● **Your task**
Could you retype the lines below, starting at the line holding "Coque pour Samsung" and stopping at the line holding "Gold heart seamless", inclusive? Copy them exactly and drop the images.

● **Working data**
□ □ □

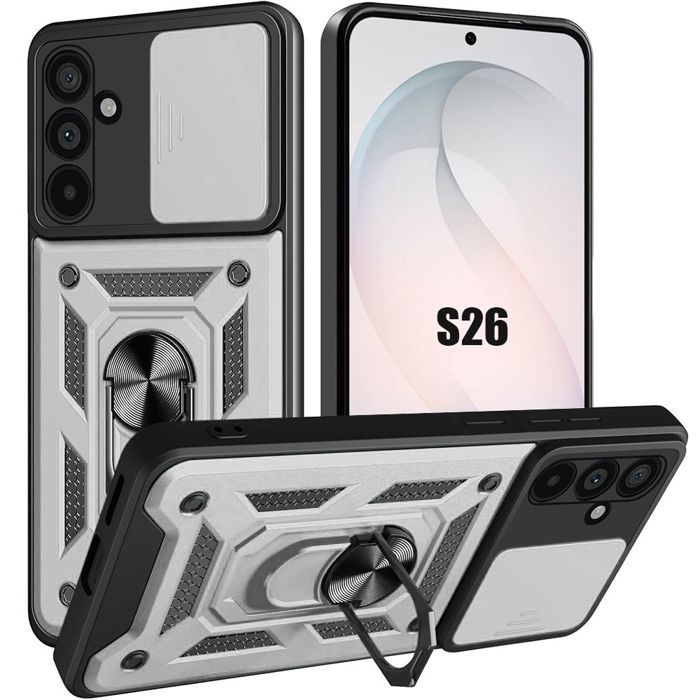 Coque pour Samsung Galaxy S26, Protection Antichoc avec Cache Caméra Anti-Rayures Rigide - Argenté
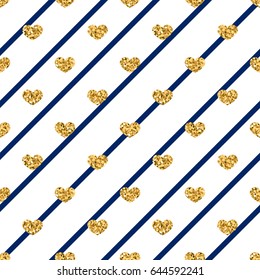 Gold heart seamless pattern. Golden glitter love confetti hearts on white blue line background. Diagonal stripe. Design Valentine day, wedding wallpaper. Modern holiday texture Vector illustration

□ □ □

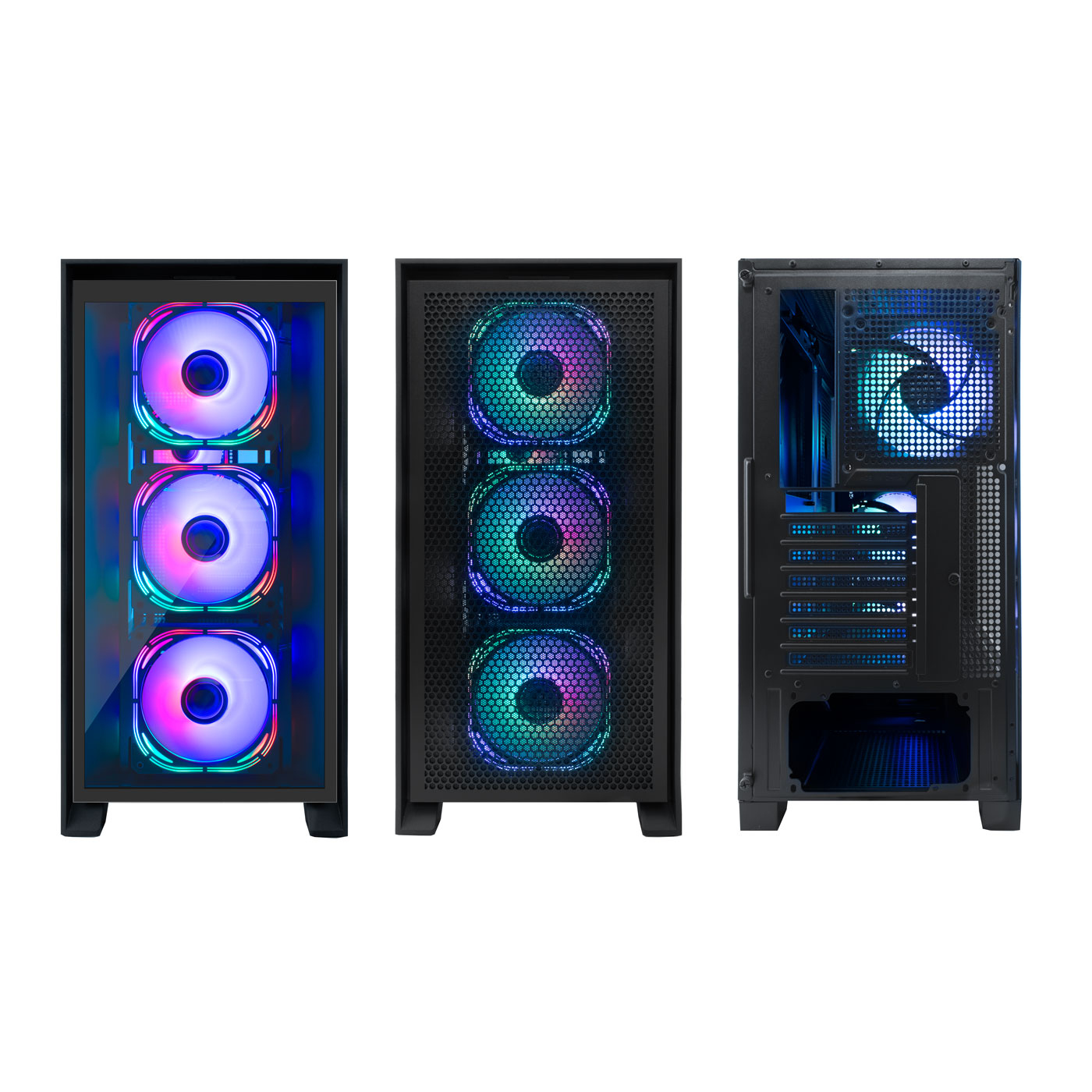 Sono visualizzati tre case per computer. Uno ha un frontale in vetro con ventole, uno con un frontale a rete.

□ □ □

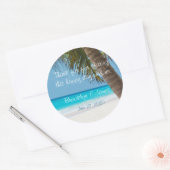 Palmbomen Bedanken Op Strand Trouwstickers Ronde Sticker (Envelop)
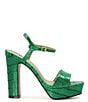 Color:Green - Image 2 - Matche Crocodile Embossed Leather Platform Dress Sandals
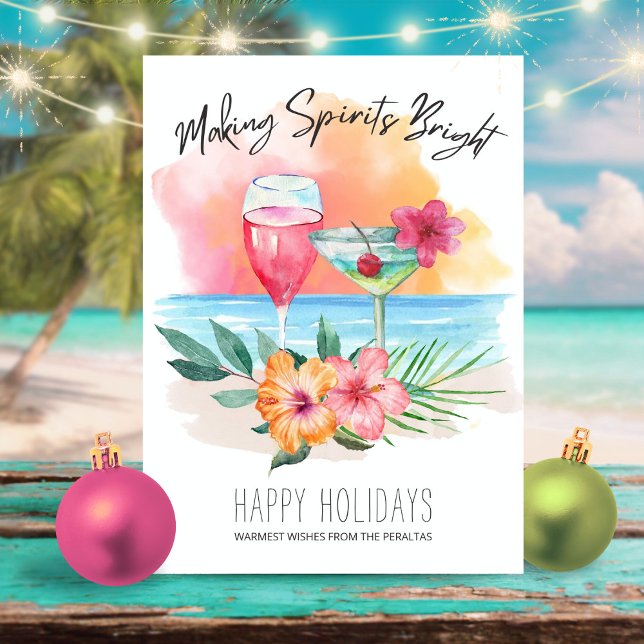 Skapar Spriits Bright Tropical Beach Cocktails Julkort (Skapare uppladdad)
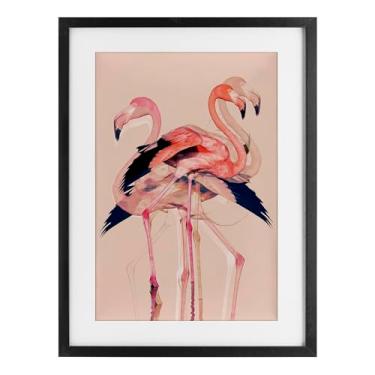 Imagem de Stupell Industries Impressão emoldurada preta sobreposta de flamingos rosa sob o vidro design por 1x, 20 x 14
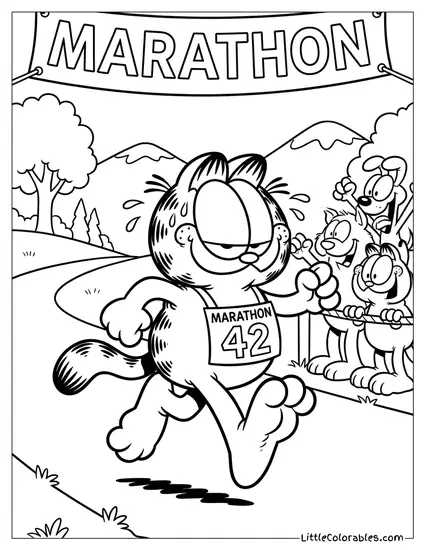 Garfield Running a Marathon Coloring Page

□ □ □

● **Exercise answer**
 Coque pour Samsung Galaxy S26, Protection Antichoc avec Cache Caméra Anti-Rayures Rigide - Argenté
 Gold heart seamless pattern. Golden glitter love confetti hearts on white blue line background. Diagonal stripe. Design Valentine day, wedding wallpaper. Modern holiday texture Vector illustration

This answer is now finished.